W ciągu dnia policjant zawsze pozostaje czujny, nawet gdy kończy służbę. Tego dnia, 17 grudnia 2024 roku, funkcjonariusz z V Kompanii Oddziału Prewencji Policji w Łodzi wracał do domu. Jego uwagę na parkingu przed jednym z bełchatowskich supermarketów przykuł nietypowo zaparkowany samochód. Zderzak osobowego renault prawie przylegał do ściany budynku, a za kierownicą spał mężczyzna.
Pijany kierowca na zakupach
Niepokojący widok skłonił policjanta do działania. Kiedy otworzył drzwi pojazdu, zastał 54-latka w głębokim śnie, otoczonego intensywnym zapachem alkoholu. Bez wahania wezwał patrol bełchatowskiego ruchu drogowego. Po obudzeniu kierowcy okazało się, że ten nie jest w stanie logicznie odpowiadać na zadawane pytania. Jego bełkotliwa mowa i wyczuwalna woń alkoholu nie pozostawiały wątpliwości – był pijany.

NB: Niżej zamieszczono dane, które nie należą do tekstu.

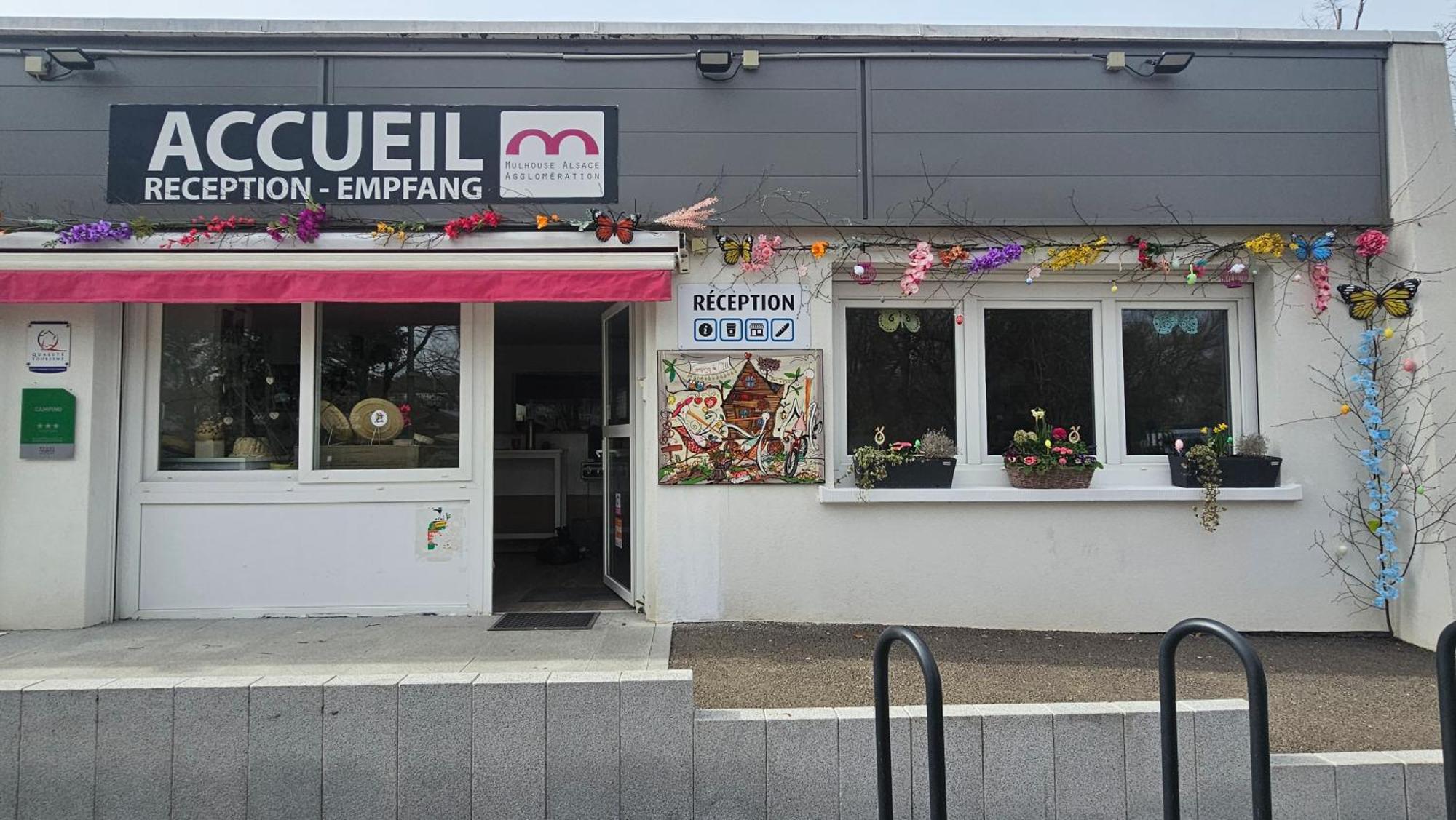 De L'ill Mulhouse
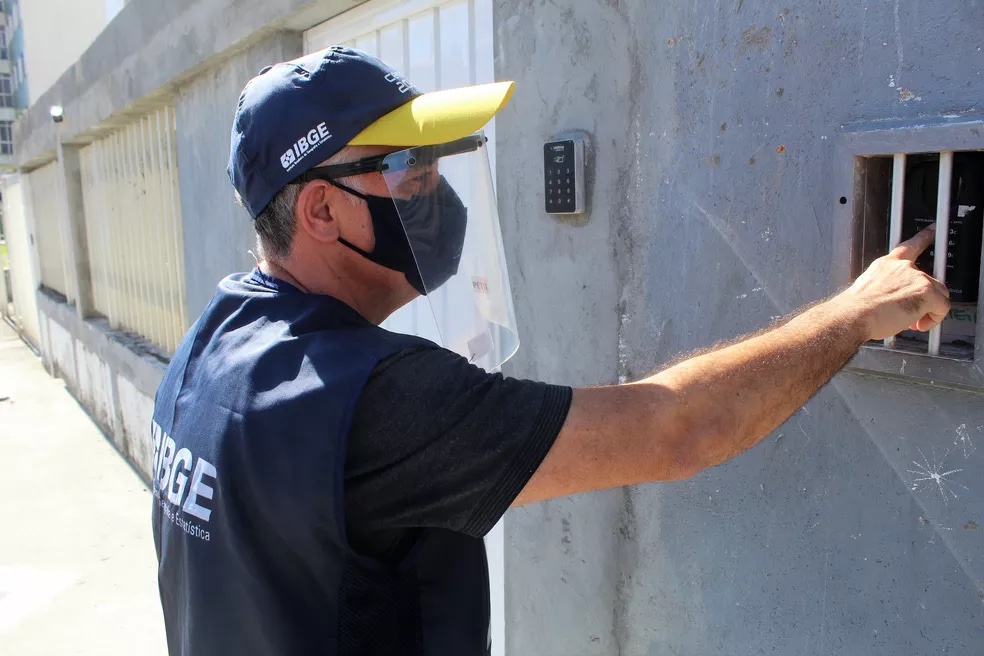 Com 15 mil vagas, inscrições no concurso do IBGE começam hoje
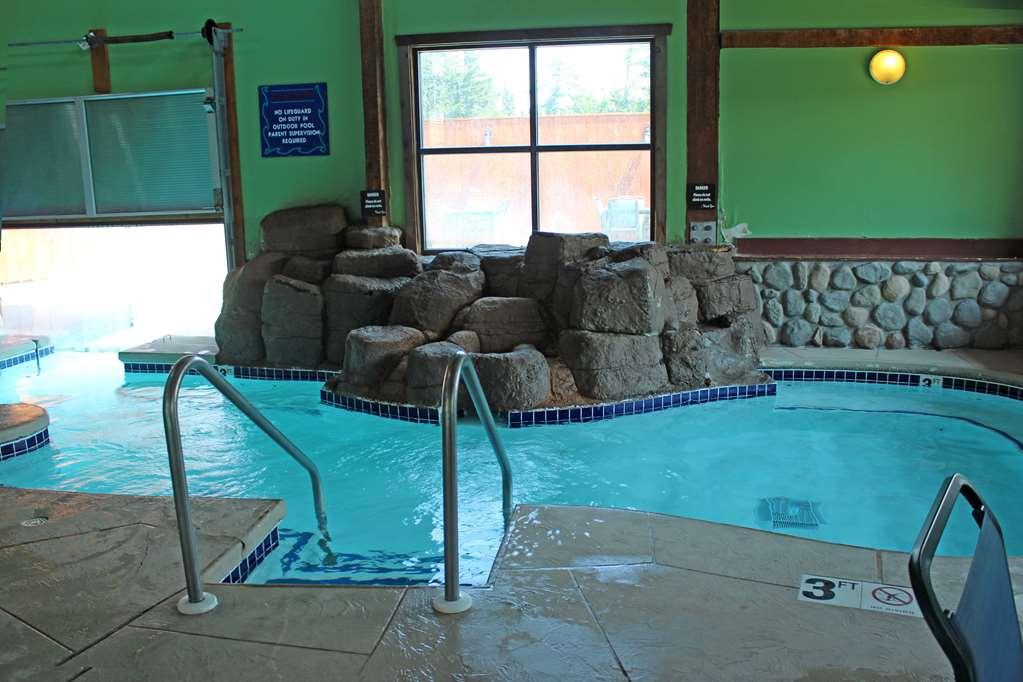 Hotel The Waters Of Minocqua Facilidades foto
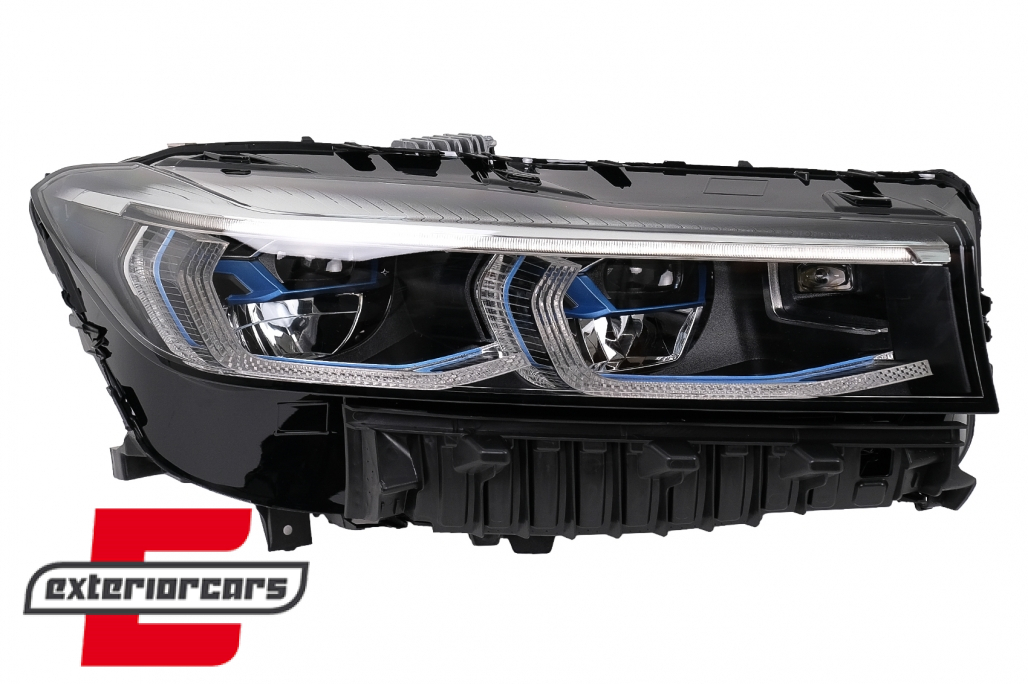 Bodykit za pretvorbu u G12 Facelift dizajn / BMW serije 7 F01 (2008-2015) - Slika 11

Śpiący kierowca a potencjalne tragedie
Policjanci podjęli decyzję o zabezpieczeniu próbki krwi mężczyzny, aby sprawdzić poziom alkoholu w jego organizmie. Dokładne przeanalizowanie nagrania z monitoringu ujawniło, co wydarzyło się, zanim kierowca zasnął za kółkiem. Już usłyszał zarzut kierowania w stanie nietrzeźwości, co może skutkować karą do 3 lat pozbawienia wolności. Dodatkowo może odpowiadać za niewłaściwe zachowanie na drodze wewnętrznej, co wiąże się z możliwością nałożenia grzywny lub upomnienia.
Choć policjant zakończył swoją służbę, nie przestał być strażnikiem prawa. Jego błyskawiczna reakcja na potencjalne zagrożenie uratowała być może nie tylko życie pijanego kierowcy, ale także innych osób na drodze. Można sobie tylko wyobrazić, jakie konsekwencje mogłyby wyniknąć, gdyby sprawca wyjechał na ulicę. Apelujemy do wszystkich kierowców o trzeźwość za kółkiem!